MOTHER, I AM SUFFOCATING. THIS IS MY LAST FILM ABOUT YOU.
Lemohang Jeremiah Mosese  |  Lesotho/Allemagne/Qatar  |  2019  |  76 minutes  |  Compétition internationale longs métrages

Trouver un titre à rallonge qui soit percutant et tourner en 16 mm ne sauve aucun film radical de sa propre complaisance radicale.* Dans le cas de Lemohang Jeremiah Mosese, cinéaste du Lesotho vivant aujourd’hui à Berlin, son Mother, I Am Suffocating. This is my Last Film About You. commence avec une image forte qui veut déjà tout dire : une femme peine à accomplir le long du cadre un douloureux chemin de croix, dans un reflet d’eau qui scinde l’image en deux, entre l’image du réel et l’image de sa réflexion. Qui plus est, l’image est à l’envers, l’eau étant en haut, la terre en bas, faisant subir à la dichotomie qu’il compose une inversion qui est à l’image de sa démarche : Mosese est un Africain qui souhaite enterrer coûte que coûte son lien à l’Afrique, lien qui passe par la présence symbolique de sa mère, à qui son héroïne s’adresse dans une voix off lancinante, répétitive, cruelle, sadique. Tout le film est porté par cette voix, privant ses sujets de leur parole à eux, recyclant curieusement par la même occasion les écueils des premiers films blancs tournés en Afrique.

Alors qu’à peu près tous les films africains d’exil se posent la question d’un retour aux sources, Mother, I Am Suffocating. mise sur la violence du reniement pour souligner sa propre originalité, associer l’image de la mère à un règlement de compte face à ses propres origines, s’attaquant à sa couleur de peau, à une forme de mal-être identitaire si fondamental qu’il semble impossible d’en échapper sans s’arracher violemment à sa propre histoire. Or le problème de Mother, I Am Suffocating., n’est bien entendu pas le fait qu’il ose se retourner contre soi, et ensuite s’en prendre à sa mère ou à son pays (jugement de colon proprement colon qu’il faut absolument s’interdire – tout le monde a le droit de choisir l’exil volontaire), mais bien qu’il le fasse aussi mal, de manière si lourde, si appuyée. Si l’image forte du début veut déjà tout dire, on retrouve aussi là les défauts du film en entier, qui cherche à compresser de manière tapageuse l’ensemble de ses thèmes en les martelant aux yeux et aux oreilles du spectateur lors de tous ses plans, à chacune de ses idées choquantes. Conséquemment, Mosese livre un cauchemar d’une noirceur absolue, mêlant la mise en horreur de ses origines avec un cannibalisme familial qu’il met littéralement en scène dans son dernier acte. Bien que la commotion provoquée par ces images est affectivement marquante, troublante, il n’en demeure pas moins que ses cris oblitèrent toute forme d’introspection, de réflexivité ou de distance possible face aux accusés restés là-bas, et qu’en retour, c’est tout ce que la voix off cherche insidieusement dans la répétition ad nauseam de sa haine : de l’introspection (nombriliste), de la réflexivité (d’esthète) et de la distance (injuste).

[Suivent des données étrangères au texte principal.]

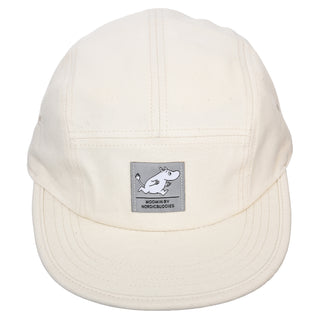 Moomintroll Five Panel Cap - Off-white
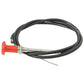 New Stop Cable Fits Massey Ferguson 375 383 3701714M91, 3701714M92, 3701714M93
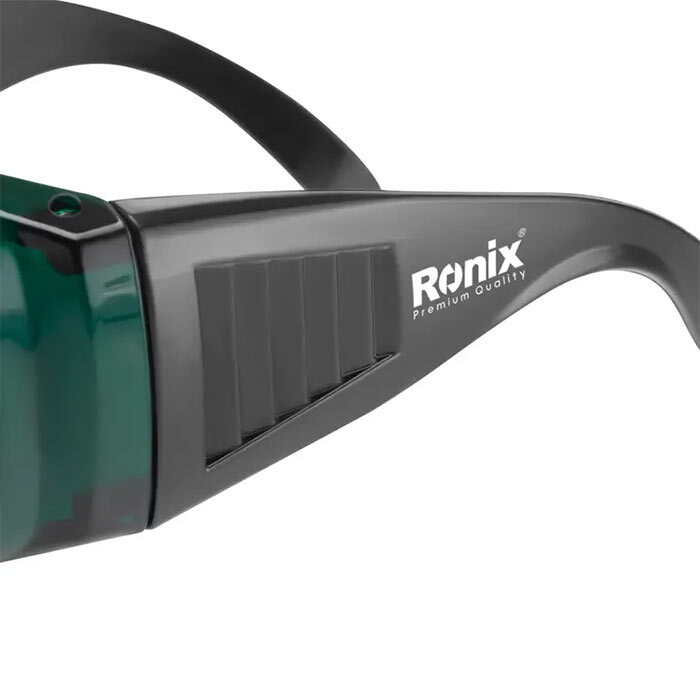  تصویر جزییات عینک ایمنی جوشکاری رونیکس مدل RH-9025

Qui peut bien faire un film qui tue sa mère sans lui laisser droit de parole ? Un cinéaste qui croit qu’en se permettant tout, on lui rendra la pareille — mais pas nous ; de nous, il n’aura rien, pas même la compassion qu’on réserve aux premiers films. (Mathieu Li-Goyette)

*Critique publiée une première fois dans notre couverture de la Berlinale 2019

 


photo : BBC Studios

NOMAD: IN THE FOOTSTEPS OF BRUCE CHATWIN
Werner Herzog  |  Royaume-Uni  |  2019  |  89 minutes  |  Portraits

Nomad, c’est du pur Herzog, libre dans la forme et fascinant dans le propos, une œuvre à mi-chemin entre la biographie et l’autofiction, entre la prospection et l’introspection, entre la terre et le cosmos, entre le prosaïsme de l’existence humaine et le caractère intangible de ses rêves, un film qui réunit miraculeusement le pouvoir hypnotique du Wild Blue Yonder (2005) et la passion ethnographique de Cave of Forgotten Dreams (2010). Nomad, c’est une œuvre qui suinte le plaisir de vivre et le plaisir de faire du cinéma, passions enchevêtrées de façon indistinguable dans l’art du célèbre metteur en scène allemand, qui rend ici un vibrant hommage à son ami disparu, l’écrivain britannique titulaire, mort du sida à l’âge de 49 ans. Or, plutôt que de faire un simple récit biographique de l’homme, il décide littéralement de lui emboîter le pas, et de remonter aux différentes sources d’inspiration de ses récits, retrouvant par le fait même la trace de ses propres films. Le titre est particulièrement bien choisi à ce sujet, puisqu’il évoque non seulement cette idée de filature, mais surtout le principe structurel et idéologique du nomadisme, qui caractérise le travail des deux artistes à la fois.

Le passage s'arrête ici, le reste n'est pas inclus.